Friday, January 10, 2025

Tipping Points: Any Cause for Hope?

I just finished reading, two decades after it was published, the book Tipping Point by Malcolm Gladwell. I read it at the same time that I am still trying to get through This Changes Everything by Naomi Klein, about which I wrote earlier. I realized there were things we can learn from comparing the two books.

The most noticeable thing is that Klein’s book is extremely depressing. It is also heavy with references. In contrast, Gladwell’s book (what an appropriate name he has) is optimistic, and has just enough references so that you know he is not making everything up. I read it in a couple of days. Klein’s book will take me months or years to digest.
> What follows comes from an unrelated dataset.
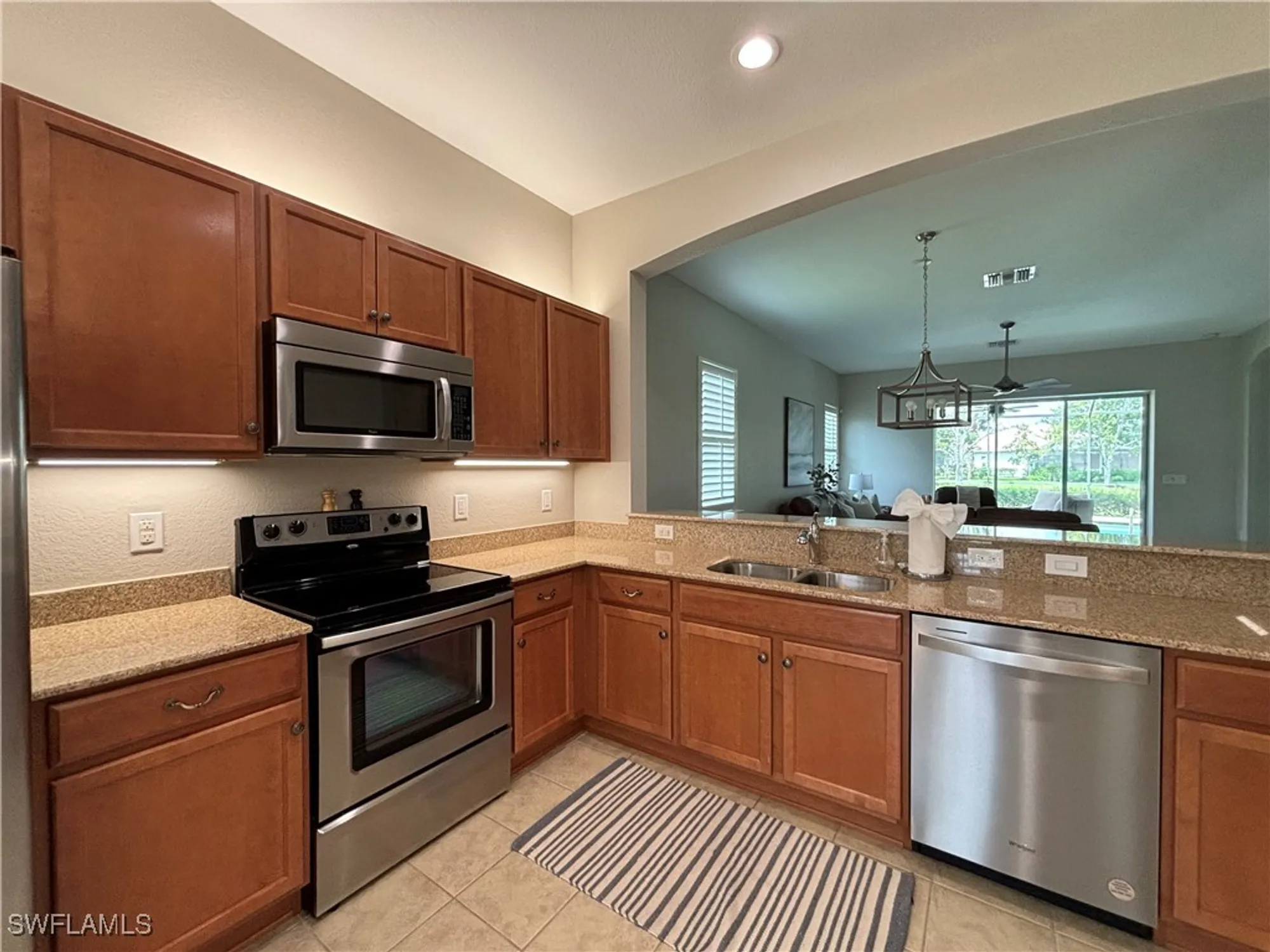 Property Slideshow image 11 of 48 | 3571 lakeview isle ct, Fort Myers, FL, 33905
From Klein’s viewpoint, no matter how much we do, it is not going to make any difference. Unless we totally change our economic system, the Earth is condemned to climatic warming that will exceed the ability of our civilization to tolerate. As I wrote previously, trees are out, weeds are in; this is the world of our future, and we might as well accept it.

But Gladwell’s viewpoint, as indicated right on the cover of his book, is that little things can make a big difference. Some seemingly minor event or process can push just enough on circumstances that they will begin to tip in a new direction. Also, right on the cover of his book is a match. It only takes a spark to start a fire, if the fuel is there and the conditions are right. Gladwell would suggest that we might be able to avoid global climate disaster, if something unexpected and unpredictable occurs that makes people change the way they think and live. It seems impossible, but such things have happened, though on a much smaller scale.

One example from Gladwell’s book is the Broken Windows theory of crime prevention. It would seem that, to reduce crime, which was epidemic in New York City in the early 1990s, it would be necessary to make big economic and sociological changes that would affect and improve the lives of millions of people. In parts of New York that had lots of crime, there were broken windows and graffiti everywhere. These, it would seem, are the symptoms of crime, not the causes. But a campaign to clean up broken windows and graffiti, as if they were the cause rather than the effect, seems to have caused a reduction in the crime rate. If people see broken windows and graffiti everywhere, they to not have a sense of responsibility for their surroundings, while if they see broken windows and graffiti being cleaned up, they begin to identify with their surroundings and notice when bad things happen. Criminals know that they are less likely to get away with their crimes in a neighborhood where broken windows are quickly fixed and graffiti quickly cleaned up. Treating the symptoms is a lot cheaper than addressing the root causes, which might be so large as to be impossible to address.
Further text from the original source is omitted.